The nest has welcomed two new members, HH5 and HH6. These names signify that they are the fifth and sixth hatchlings in the history of the Hilton Head Island Land Trust Raptor Cam. HH5 hatched on February 5 at 10:09 p.m., while HH6 made its entrance into the world from its egg at 3 a.m. February 8. While HH5 was captured on camera being fed by Bayley, HH6 was camera-shy early on.

Like eagles, great horned owls mate for life. They also tend to stay in the same territory year after year, which explains why they’ve returned to the HHILT nest. They are a protected species, so their natural life span ranges from 20 to 30 years. 

The HHILT operates with the goal to ensure the safety of these and all wildlife. To that end, they remind us to be aware that the rodent poison used in our yards and around the home is harmful to birds that digest the rodents. The HHILT encourages us to abstain from using poison and to make an effort to let the birds be the natural pest controllers they are created to be.

When the owlets are born, they have only a few downy feathers, so for the first week to 10 days, they are blind and not moving around much. The female will stay with them during that time to keep them warm because they don’t have any feathers. They will eat only meat – rodents, squirrel, possums, rabbits and such, which the male provides. 

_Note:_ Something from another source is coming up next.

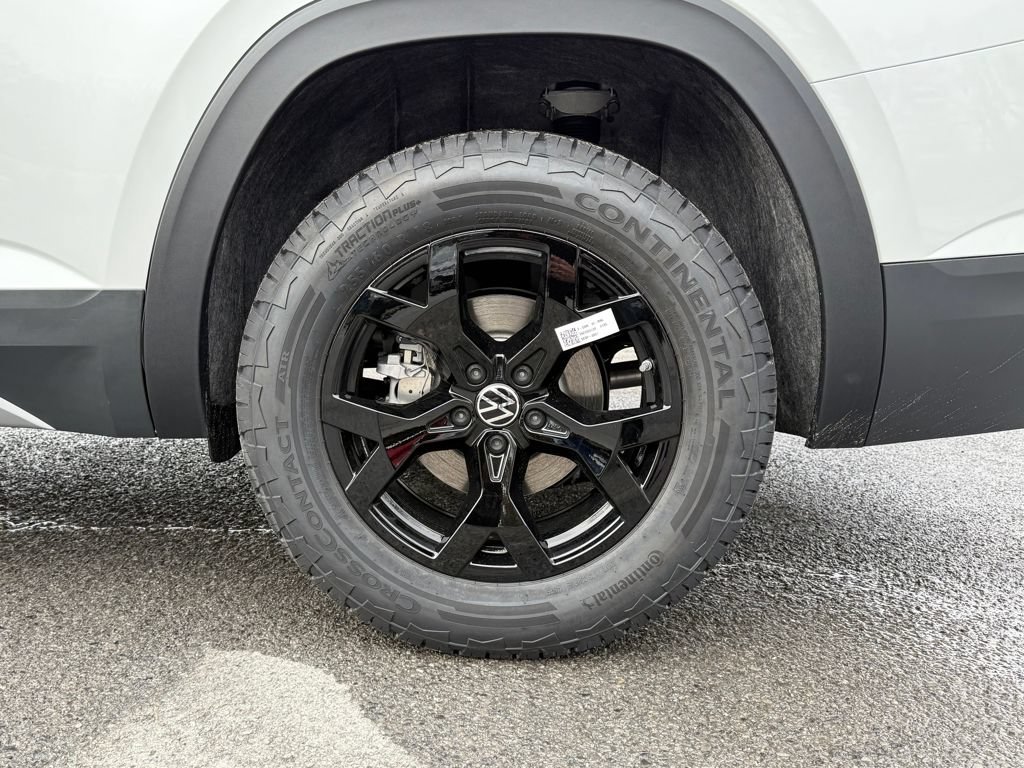 New 2026 Volkswagen Atlas Peak Edition AWD/4WD image 13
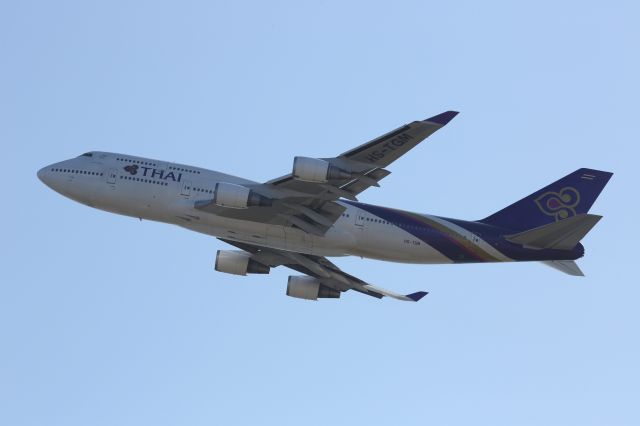 Boeing 747-400 (HS-TGM)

At birth the young weighs 1.22 oz. on average and can gain about 1.2 oz. a day for the first four weeks of life with typical weights in the range of 1.8 or 2.2 pounds by 25 to 29 days for males and females, respectively. Full grown females weigh more than males – 3.5 pounds on average to the male’s 2.7 pounds.

“The owlets will stay in that nest until they start branching out, which is usually five weeks of age,” Storey said. “But even then, they stay in the area close with their parents for up to nine months because they must learn how to do the hunting before they are independent. So, we’ll be able to watch them for quite a while from the raptor cam, which is nice.” 

The biggest predator of the owlet while they’re in the nest is another raptor. The owlet can fall prey if mom or dad are gone, or they could fall out of the nest. If the owlets survive, a long productive life is possible. 

Next year, if the parents are still together, they’ll come back and have another brood, and viewers can watch them lay new eggs, see the owlets hatching, and watch their great horned owl family grow. In the meantime, perhaps other raptors will visit and begin families of their own. 

Beyond the Raptor Cam and protecting the wildlife that thrives on Hilton Head Island, the HHILT focuses its efforts on the preservation of protected properties, which include Fort Howell, the Whooping Crane Pond Conservancy, the Cypress Conservancy, the Northridge tracts, and the Museum Street property. 

HHILT corporate sponsors include the Russell Patterson Law Firm, which has been a sponsor since the inception of the Land Trust. Hargray is a valued sponsor that provides the internet to the tree where the nest is. Monster Tree Service, which has done some work for the Land Trust at Fort Howell, is another sponsor.